Die Sparpolitik als Folge einer verfehlten Steuerpolitik habe sich als falsch erwiesen, heißt es in der Ende November verabschiedeten Resolution weiter. Bisher sei die Legislaturperiode 2016-2021 durch Einsparungspläne im Bereich der Bildung geprägt. In den bekannt gewordenen Rahmendaten zum Landeshaushalt 2017/18 gehe es in erster Linie um Kürzungen. "Dies ist ein deutliches Signal für einen bildungspolitischen Rückschritt in Rheinland-Pfalz", so die Vertrauensleute.

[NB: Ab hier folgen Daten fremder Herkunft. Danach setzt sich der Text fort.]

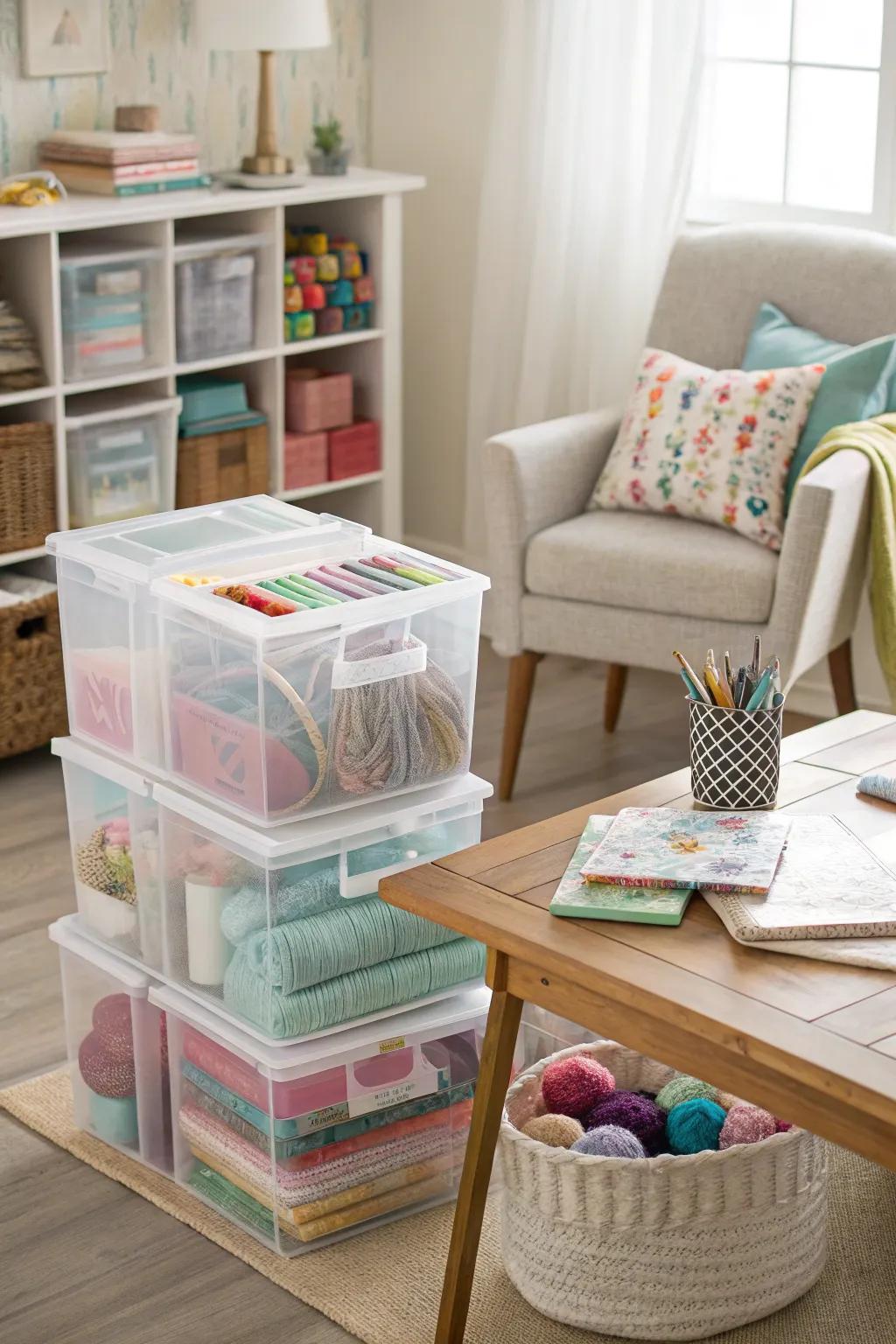 Clear storage boxes allow easy viewing of contents at a glance.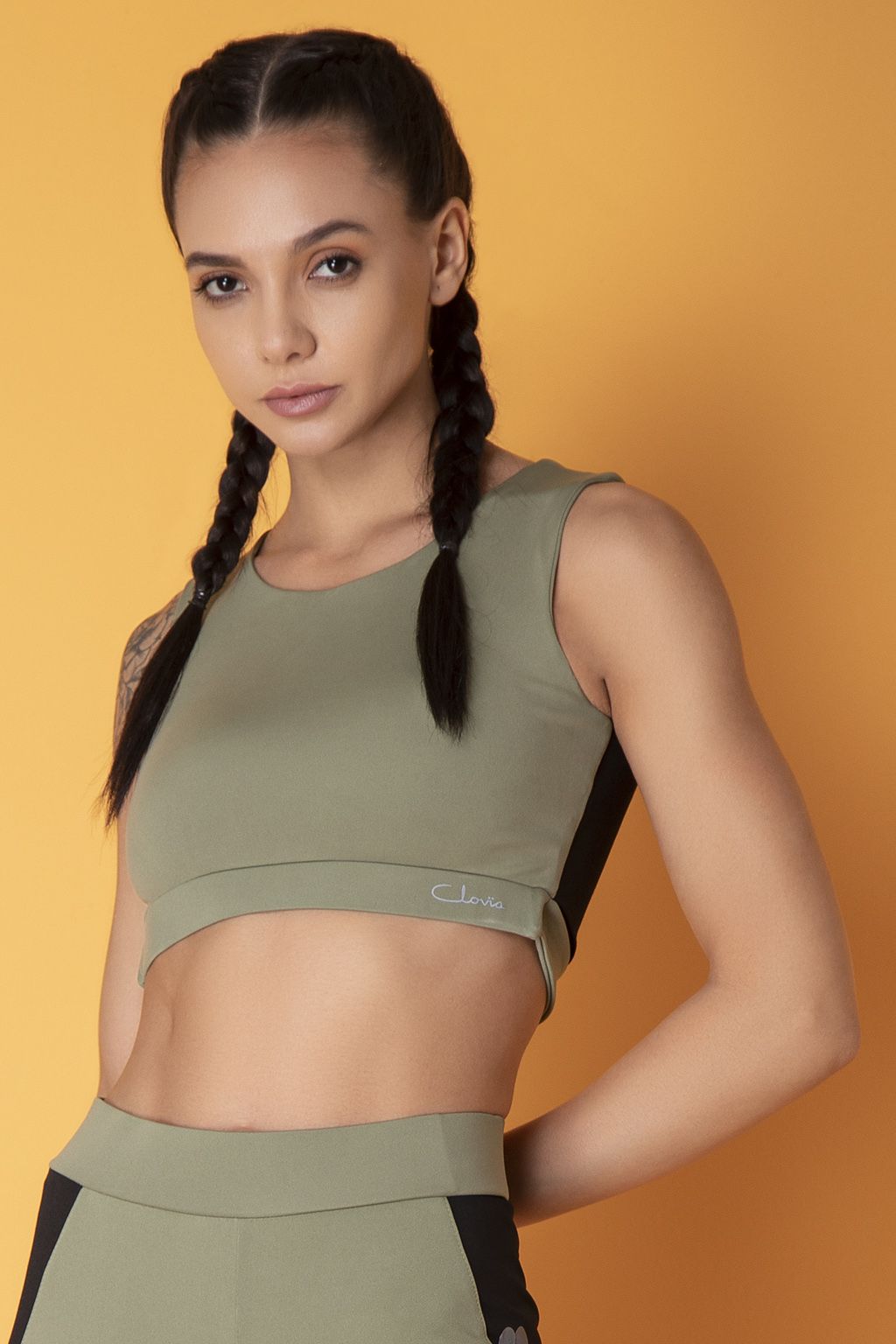     			Clovia Green Polyester Croptop - Single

Die Beschäftigten in Kitas und Schulen seien aufgrund der ständig steigenden Anforderungen überlastet und bräuchten dringend deutliche Entlastung in ihrer alltäglichen Arbeit, insbesondere durch mehr qualifiziertes Personal, kleinere Lerngruppen und Unterstützungsangebote. Unter anderem sprechen sich die rheinland-pfälzischen Vertrauensleute dafür aus, die Attraktivität pädagogischer Berufe zu erhöhen und den Lehrkräftemangel, insbesondere auch an Grundschulen, zu beheben.

Die Aktionen in den Ländern sind Teil der bundesweiten GEW-Initiative "Bildung. Weiter denken!".Auch in Sachsen-Anhalt, Hessen, Nordrhein-Westfalen sowie Bremen und Bremerhaven gab es bereits Aktionen und Demonstrationen.